Die Deklinationsform des Genitivs braucht man im rheinland-pfälzischen Mittelgebirge zwischen Mosel und Rhein schlicht nicht. Dennoch haben die Menschen im Hunsrück zu einer kraftvollen Sprache gefunden, die sie seit Jahrhunderten pflegen. Das weiß niemand besser als der Kollege Bernd Bersch. Dem sein Wörterbuch „Hunsrück heißt Honsreck“ ist nämlich jetzt neu aufgelegt worden. Und beweist: Die Hunsrücker müssen sich für ihren Dialekt „net schenniere“.

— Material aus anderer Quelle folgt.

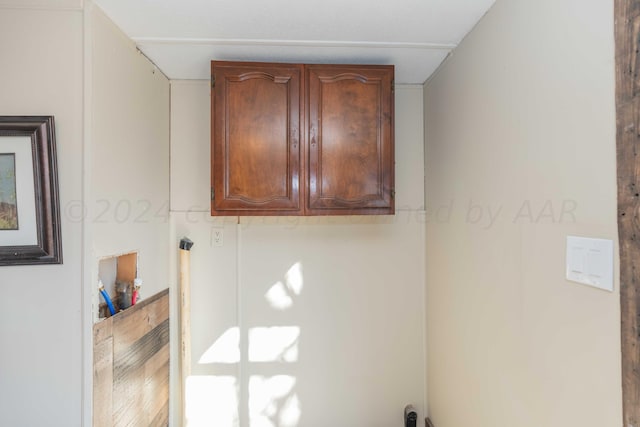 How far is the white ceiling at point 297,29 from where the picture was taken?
1285 mm

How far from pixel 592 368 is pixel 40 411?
5.47ft

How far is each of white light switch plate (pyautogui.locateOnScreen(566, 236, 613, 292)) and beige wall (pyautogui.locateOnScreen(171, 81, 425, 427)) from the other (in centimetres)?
Result: 114

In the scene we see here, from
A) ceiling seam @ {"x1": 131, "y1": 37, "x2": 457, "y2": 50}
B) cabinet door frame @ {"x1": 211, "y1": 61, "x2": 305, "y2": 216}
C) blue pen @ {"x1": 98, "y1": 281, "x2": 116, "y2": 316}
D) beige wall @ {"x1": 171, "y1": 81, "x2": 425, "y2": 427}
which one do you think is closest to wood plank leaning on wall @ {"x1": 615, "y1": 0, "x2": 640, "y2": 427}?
ceiling seam @ {"x1": 131, "y1": 37, "x2": 457, "y2": 50}

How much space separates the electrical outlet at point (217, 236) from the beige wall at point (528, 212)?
1.19 meters

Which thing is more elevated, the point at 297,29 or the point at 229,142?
the point at 297,29

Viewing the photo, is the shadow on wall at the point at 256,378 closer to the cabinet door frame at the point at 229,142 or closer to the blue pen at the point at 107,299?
the cabinet door frame at the point at 229,142

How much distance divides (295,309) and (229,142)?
98 cm

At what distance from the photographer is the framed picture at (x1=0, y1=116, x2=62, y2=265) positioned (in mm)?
1159

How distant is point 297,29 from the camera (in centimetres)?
144

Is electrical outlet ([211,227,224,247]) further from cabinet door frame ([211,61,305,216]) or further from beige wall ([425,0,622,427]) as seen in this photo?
beige wall ([425,0,622,427])

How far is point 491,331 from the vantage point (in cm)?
128

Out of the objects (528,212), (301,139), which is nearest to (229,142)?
(301,139)

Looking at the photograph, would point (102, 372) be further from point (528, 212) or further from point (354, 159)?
point (528, 212)

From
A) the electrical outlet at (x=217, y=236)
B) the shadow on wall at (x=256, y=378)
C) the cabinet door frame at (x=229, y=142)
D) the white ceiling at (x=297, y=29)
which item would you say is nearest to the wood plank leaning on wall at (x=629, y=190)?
the white ceiling at (x=297, y=29)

Natürlich stammt Bernd Bersch – er ist bei Opel für Kostenbewertungen zuständig – selbst aus der Region, aus Sabershausen, beziehungsweise „Sawersch“, wie der 20 Kilometer von Simmern gelegene Ort in Hunsrückisch heißt. Sein Vater war Kfz-Meister, seine Großeltern Landwirte, und gerade in deren Umgangssprache fand er immer wieder Ausdrücke, die ihm wert schienen, sie der Nachwelt zu erhalten.

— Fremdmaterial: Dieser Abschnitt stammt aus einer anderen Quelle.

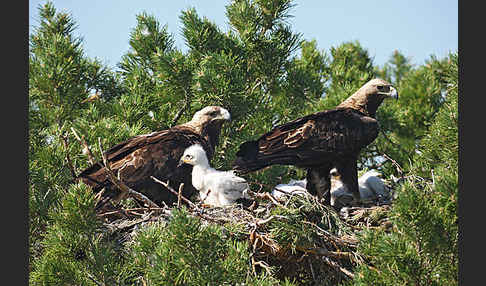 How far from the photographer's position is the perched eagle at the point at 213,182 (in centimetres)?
589

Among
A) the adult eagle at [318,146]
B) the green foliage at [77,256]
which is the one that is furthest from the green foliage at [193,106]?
the adult eagle at [318,146]

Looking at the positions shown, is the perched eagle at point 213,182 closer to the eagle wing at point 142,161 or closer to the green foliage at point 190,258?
the eagle wing at point 142,161

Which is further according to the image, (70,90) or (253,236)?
(70,90)

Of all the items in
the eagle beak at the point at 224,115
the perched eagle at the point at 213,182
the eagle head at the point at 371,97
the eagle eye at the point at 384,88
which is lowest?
the perched eagle at the point at 213,182

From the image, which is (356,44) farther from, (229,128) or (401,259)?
(401,259)

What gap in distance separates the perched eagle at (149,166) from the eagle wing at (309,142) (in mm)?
557

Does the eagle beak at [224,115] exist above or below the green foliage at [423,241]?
above

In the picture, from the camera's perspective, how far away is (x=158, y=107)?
7566mm

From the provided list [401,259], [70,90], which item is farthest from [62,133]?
[401,259]

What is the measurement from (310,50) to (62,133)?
11.8ft

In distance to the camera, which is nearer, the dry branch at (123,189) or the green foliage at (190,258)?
the green foliage at (190,258)

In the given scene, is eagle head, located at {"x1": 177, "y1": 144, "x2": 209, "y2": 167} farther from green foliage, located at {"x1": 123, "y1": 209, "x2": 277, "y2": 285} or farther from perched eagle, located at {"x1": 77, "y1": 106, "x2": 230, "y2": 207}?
green foliage, located at {"x1": 123, "y1": 209, "x2": 277, "y2": 285}

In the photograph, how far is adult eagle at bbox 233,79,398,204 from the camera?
645 cm

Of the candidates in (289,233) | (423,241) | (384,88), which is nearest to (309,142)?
(384,88) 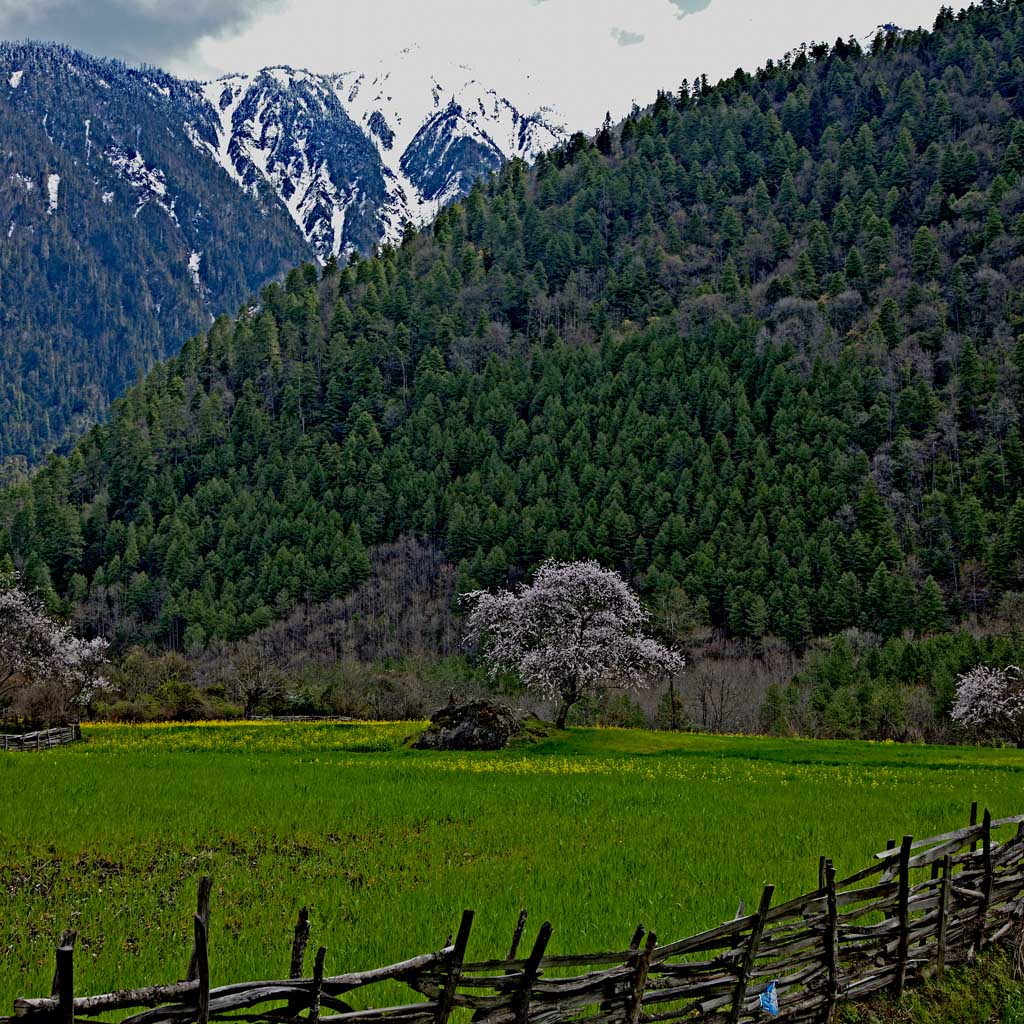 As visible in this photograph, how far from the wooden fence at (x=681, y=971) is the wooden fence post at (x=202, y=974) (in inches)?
0.5

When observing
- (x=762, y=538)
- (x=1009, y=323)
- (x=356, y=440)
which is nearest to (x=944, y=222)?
(x=1009, y=323)

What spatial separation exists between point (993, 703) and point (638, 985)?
7001 centimetres

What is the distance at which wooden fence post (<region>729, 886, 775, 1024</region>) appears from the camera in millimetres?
9922

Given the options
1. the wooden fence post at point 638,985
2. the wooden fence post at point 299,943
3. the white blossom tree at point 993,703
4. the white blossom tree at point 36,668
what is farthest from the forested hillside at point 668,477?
the wooden fence post at point 299,943

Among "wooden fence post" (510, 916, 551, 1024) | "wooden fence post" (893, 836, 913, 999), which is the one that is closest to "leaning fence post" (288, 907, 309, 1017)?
"wooden fence post" (510, 916, 551, 1024)

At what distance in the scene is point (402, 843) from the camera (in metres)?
21.5

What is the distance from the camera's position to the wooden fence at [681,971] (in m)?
7.47

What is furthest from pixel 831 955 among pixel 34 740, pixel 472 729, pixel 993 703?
pixel 993 703

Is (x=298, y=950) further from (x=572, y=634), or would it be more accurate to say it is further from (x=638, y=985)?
(x=572, y=634)

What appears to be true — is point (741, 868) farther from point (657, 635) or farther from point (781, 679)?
point (657, 635)

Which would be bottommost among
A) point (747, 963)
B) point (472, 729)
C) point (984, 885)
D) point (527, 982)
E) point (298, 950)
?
point (472, 729)

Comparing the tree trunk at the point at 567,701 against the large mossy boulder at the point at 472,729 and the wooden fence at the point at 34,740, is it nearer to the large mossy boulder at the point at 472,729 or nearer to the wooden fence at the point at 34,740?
the large mossy boulder at the point at 472,729

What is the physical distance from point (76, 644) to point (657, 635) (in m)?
77.6

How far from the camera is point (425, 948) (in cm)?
1252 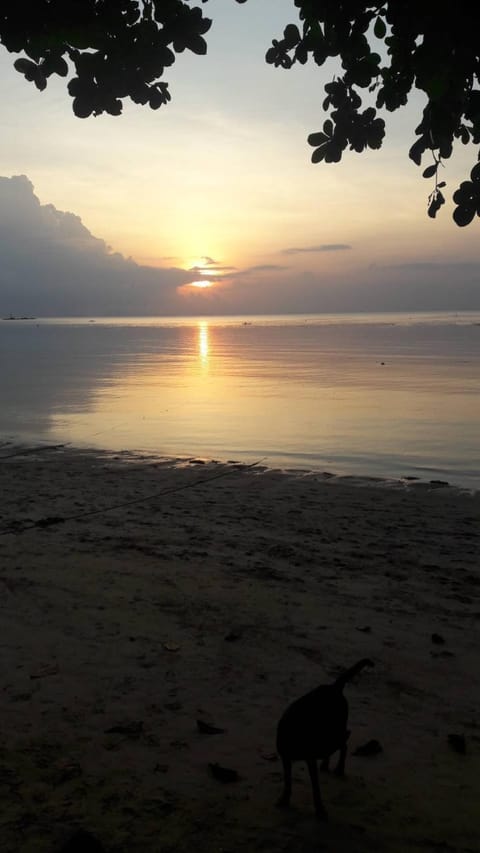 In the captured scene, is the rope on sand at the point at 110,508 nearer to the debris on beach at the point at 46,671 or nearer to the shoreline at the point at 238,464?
the shoreline at the point at 238,464

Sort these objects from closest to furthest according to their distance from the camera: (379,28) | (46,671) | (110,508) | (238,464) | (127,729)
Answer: (127,729)
(379,28)
(46,671)
(110,508)
(238,464)

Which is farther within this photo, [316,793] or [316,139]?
[316,139]

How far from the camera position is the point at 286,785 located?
335cm

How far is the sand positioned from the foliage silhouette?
323 centimetres

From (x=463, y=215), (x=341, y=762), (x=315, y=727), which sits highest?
(x=463, y=215)

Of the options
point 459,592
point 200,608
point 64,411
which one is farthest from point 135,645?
point 64,411

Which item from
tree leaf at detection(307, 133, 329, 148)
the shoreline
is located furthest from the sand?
tree leaf at detection(307, 133, 329, 148)

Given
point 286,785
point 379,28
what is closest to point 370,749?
point 286,785

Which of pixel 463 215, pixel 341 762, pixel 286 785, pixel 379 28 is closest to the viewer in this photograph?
pixel 286 785

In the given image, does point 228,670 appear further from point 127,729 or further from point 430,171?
point 430,171

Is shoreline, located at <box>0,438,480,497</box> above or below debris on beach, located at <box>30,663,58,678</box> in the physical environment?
Answer: above

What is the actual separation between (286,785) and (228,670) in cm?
153

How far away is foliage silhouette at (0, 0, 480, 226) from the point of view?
3.44 meters

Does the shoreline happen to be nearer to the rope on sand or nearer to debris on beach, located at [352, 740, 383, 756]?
the rope on sand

„Es wäre schade, wenn im Zeitalter der Globalisierung die Dialekte immer mehr verloren gingen“, erklärt der 49-Jährige. Sich aktiv für das Honsregger Platt einzusetzen, bedeutet aber auch, und zuallererst, es zu sprechen und weiterzugeben. Und das tun, so ist es zumindest das Empfinden des Autors, zunehmend wieder mehr Menschen. Bersch: „Dieses Buch soll einen Beitrag dazu leisten, den Erhalt und den Gebrauch des Honsregger Platt zu fördern.“

 

„Wörterbuch – Hunsrück heißt Honsreck“

Die zweite, überarbeitete und erweiterte Auflage des „Wörterbuch – Hunsrück heißt Honsreck“ ist jetzt erschienen. Bereits 2012 stieß die erste Auflage dieses Buches auf große Resonanz, es gab zahlreiche Rückmeldungen von Menschen aus der Region. Das hat Bernd Bersch und die Verlegerin dazu veranlasst, eine neue Fassung herauszugeben. Der zweiten Auflage ist ein Grußwort der Ministerpräsidentin des Landes Rheinland-Pfalz, Malu Dreyer, vorangestellt. Bernd Bersch: „Falls Sie das Buch kaufen möchten, unterstützen Sie Ihren Buchhändler vor Ort, indem Sie es dort kaufen oder bestellen. Aber natürlich ist das Wörterbuch auch über alle anderen Vertriebswege zu erwerben.“

 

„Es wäre schade, wenn im Zeitalter der Globalisierung die Dialekte immer mehr verloren gingen.“

– Bernd Bersch –

Zahlen statt Buchstaben: Beruflich beschäftigt sich der Wirtschaftsingenieur mit Kostenbewertungen im Engineering.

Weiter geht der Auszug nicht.